→ **What to do**: From the entries below, transcribe exactly the lines between the line holding "Miniatura 2 de" and the line holding "2015 Retail New", inclusive; skip all other lines.

• • • • • • •

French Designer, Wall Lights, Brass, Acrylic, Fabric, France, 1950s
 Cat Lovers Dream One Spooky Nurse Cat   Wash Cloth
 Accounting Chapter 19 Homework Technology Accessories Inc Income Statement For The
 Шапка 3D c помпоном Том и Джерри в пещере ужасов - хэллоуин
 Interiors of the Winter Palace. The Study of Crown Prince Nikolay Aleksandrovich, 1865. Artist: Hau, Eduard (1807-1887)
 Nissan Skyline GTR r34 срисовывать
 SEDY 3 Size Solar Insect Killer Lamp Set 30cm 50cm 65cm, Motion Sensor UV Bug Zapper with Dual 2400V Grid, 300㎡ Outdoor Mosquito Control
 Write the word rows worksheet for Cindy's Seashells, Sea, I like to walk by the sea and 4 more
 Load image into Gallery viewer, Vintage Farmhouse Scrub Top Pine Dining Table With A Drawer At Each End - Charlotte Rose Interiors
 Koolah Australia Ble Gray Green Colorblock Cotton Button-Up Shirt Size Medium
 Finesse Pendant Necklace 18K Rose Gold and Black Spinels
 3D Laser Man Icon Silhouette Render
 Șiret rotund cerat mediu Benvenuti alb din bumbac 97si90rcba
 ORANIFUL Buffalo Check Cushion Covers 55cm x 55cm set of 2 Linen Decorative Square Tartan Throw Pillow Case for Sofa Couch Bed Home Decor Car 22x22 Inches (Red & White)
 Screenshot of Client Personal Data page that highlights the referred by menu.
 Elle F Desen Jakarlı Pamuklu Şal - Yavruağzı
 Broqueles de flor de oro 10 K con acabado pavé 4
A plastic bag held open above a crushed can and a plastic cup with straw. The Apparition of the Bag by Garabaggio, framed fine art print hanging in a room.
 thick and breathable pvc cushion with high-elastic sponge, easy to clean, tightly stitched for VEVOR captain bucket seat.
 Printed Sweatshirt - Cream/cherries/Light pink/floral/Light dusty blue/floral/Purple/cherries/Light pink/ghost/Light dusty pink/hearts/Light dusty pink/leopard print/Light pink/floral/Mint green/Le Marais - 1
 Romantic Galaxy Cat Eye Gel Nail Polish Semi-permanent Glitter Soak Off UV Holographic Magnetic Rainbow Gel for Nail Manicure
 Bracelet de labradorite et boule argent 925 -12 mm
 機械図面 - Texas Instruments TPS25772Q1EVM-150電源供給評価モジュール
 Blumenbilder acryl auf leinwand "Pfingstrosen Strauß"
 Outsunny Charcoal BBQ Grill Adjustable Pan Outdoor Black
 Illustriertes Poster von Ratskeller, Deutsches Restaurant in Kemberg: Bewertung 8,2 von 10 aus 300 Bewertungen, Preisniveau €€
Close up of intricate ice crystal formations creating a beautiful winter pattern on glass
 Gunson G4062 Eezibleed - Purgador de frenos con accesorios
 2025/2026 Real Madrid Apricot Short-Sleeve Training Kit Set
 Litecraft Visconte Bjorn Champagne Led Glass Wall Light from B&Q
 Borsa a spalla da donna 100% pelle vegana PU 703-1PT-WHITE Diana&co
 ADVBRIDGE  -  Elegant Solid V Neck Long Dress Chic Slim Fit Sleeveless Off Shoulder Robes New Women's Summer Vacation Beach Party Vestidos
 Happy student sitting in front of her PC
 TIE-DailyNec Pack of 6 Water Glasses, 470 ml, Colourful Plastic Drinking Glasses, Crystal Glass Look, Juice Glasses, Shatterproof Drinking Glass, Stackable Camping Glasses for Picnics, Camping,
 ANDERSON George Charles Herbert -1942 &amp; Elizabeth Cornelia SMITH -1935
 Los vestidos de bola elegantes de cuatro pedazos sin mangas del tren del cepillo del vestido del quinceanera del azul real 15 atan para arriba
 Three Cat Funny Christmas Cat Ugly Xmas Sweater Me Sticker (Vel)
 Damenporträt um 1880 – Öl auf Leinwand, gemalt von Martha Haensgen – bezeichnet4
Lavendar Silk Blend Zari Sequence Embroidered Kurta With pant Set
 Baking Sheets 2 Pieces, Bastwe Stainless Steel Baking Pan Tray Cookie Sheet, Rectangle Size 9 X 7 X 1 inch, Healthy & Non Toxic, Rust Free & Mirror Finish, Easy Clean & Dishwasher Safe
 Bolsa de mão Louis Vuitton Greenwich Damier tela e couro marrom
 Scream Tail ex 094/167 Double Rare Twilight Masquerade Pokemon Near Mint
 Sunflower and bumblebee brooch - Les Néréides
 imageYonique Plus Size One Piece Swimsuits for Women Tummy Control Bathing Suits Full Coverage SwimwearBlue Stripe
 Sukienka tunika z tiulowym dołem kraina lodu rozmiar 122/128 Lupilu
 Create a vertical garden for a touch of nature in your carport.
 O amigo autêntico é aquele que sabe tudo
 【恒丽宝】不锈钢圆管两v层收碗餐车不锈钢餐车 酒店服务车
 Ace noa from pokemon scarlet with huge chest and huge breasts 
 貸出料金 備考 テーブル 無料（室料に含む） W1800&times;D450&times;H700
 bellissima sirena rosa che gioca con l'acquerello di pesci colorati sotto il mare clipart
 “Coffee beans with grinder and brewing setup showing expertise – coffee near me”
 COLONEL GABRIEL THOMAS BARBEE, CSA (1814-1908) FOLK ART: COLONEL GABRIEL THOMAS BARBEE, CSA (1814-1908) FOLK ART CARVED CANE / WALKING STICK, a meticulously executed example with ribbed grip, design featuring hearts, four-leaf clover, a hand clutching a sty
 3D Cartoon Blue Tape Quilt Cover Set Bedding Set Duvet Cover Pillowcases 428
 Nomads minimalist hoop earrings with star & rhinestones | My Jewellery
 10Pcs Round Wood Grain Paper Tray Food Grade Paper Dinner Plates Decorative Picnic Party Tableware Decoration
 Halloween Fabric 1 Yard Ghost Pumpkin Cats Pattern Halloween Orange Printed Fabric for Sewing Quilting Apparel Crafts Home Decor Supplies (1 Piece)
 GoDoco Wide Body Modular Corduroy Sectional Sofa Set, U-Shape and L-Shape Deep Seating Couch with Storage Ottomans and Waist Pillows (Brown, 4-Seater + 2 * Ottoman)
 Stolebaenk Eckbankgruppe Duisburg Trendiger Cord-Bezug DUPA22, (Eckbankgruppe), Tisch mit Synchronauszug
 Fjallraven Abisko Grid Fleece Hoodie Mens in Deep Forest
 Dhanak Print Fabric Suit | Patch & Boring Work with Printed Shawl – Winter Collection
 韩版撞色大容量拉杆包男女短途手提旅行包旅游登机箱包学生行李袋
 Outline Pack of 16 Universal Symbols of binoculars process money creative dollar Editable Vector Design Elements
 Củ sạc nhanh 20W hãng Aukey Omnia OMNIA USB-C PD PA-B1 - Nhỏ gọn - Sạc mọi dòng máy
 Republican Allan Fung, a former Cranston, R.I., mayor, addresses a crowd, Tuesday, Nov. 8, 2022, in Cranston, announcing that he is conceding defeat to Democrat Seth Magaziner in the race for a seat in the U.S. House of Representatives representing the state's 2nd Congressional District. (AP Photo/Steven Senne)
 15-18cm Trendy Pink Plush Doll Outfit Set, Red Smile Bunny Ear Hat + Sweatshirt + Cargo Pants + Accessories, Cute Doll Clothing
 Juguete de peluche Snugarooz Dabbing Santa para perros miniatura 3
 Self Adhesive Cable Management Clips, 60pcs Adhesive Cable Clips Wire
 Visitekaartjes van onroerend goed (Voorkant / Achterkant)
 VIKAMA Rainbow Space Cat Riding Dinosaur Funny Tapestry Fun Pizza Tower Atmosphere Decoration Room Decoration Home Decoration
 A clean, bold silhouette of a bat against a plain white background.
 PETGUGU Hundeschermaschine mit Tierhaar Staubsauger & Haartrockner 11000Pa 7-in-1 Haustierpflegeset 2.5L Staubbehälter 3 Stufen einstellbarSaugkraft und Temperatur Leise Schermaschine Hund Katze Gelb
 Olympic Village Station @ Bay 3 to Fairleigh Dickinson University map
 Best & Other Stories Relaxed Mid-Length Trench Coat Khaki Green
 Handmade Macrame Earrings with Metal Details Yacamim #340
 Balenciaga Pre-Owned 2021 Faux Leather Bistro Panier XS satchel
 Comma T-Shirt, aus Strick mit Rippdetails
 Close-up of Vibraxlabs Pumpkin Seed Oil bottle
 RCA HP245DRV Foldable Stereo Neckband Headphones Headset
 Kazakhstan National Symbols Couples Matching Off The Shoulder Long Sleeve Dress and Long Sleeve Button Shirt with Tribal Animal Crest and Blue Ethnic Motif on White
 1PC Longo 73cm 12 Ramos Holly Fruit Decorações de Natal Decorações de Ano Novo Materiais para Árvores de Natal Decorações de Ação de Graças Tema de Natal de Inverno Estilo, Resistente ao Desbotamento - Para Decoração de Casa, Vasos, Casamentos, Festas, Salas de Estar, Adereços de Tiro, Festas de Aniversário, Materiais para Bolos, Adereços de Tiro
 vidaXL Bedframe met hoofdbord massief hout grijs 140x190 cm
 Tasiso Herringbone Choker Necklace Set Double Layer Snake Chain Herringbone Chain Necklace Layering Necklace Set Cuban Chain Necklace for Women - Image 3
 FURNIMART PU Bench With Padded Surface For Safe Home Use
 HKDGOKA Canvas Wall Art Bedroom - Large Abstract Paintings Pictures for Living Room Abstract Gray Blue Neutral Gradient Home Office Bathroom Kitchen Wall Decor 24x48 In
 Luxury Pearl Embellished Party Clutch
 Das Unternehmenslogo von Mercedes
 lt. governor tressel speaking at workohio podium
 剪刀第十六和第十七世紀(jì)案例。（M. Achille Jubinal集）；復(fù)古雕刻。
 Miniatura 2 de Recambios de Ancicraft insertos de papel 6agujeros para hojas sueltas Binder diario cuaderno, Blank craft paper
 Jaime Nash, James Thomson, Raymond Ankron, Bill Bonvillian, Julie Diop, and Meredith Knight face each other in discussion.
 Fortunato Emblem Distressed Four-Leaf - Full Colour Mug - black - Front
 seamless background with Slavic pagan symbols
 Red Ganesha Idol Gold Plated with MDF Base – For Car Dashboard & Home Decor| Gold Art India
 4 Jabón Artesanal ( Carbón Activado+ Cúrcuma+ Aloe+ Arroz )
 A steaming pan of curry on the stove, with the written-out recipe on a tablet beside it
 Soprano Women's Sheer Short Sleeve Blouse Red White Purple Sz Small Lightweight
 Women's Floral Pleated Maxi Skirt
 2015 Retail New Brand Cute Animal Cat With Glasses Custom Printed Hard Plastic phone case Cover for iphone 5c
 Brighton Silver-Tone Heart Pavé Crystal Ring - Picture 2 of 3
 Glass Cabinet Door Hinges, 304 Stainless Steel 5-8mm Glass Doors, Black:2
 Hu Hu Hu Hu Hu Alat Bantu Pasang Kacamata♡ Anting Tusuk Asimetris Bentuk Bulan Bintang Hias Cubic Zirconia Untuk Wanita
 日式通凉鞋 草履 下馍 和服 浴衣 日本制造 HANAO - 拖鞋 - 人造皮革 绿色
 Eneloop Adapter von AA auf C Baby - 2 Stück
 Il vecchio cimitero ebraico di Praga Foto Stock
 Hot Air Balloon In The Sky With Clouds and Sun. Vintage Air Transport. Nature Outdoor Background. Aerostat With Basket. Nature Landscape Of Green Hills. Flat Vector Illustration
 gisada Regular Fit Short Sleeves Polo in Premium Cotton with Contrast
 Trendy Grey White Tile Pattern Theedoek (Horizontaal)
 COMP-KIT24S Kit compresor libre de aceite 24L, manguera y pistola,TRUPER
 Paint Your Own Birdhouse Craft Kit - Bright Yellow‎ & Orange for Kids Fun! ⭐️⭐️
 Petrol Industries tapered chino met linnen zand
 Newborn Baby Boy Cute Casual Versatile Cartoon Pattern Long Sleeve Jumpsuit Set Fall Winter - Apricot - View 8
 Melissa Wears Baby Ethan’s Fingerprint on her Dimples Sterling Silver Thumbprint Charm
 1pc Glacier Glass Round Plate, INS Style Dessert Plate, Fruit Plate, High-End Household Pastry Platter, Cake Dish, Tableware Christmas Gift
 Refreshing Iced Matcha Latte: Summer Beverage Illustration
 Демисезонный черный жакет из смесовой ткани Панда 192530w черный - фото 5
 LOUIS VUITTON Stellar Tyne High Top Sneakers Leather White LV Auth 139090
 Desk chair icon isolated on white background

• • • • • • •

→ **Response area**:
 Miniatura 2 de Recambios de Ancicraft insertos de papel 6agujeros para hojas sueltas Binder diario cuaderno, Blank craft paper
 Jaime Nash, James Thomson, Raymond Ankron, Bill Bonvillian, Julie Diop, and Meredith Knight face each other in discussion.
 Fortunato Emblem Distressed Four-Leaf - Full Colour Mug - black - Front
 seamless background with Slavic pagan symbols
 Red Ganesha Idol Gold Plated with MDF Base – For Car Dashboard & Home Decor| Gold Art India
 4 Jabón Artesanal ( Carbón Activado+ Cúrcuma+ Aloe+ Arroz )
 A steaming pan of curry on the stove, with the written-out recipe on a tablet beside it
 Soprano Women's Sheer Short Sleeve Blouse Red White Purple Sz Small Lightweight
 Women's Floral Pleated Maxi Skirt
 2015 Retail New Brand Cute Animal Cat With Glasses Custom Printed Hard Plastic phone case Cover for iphone 5c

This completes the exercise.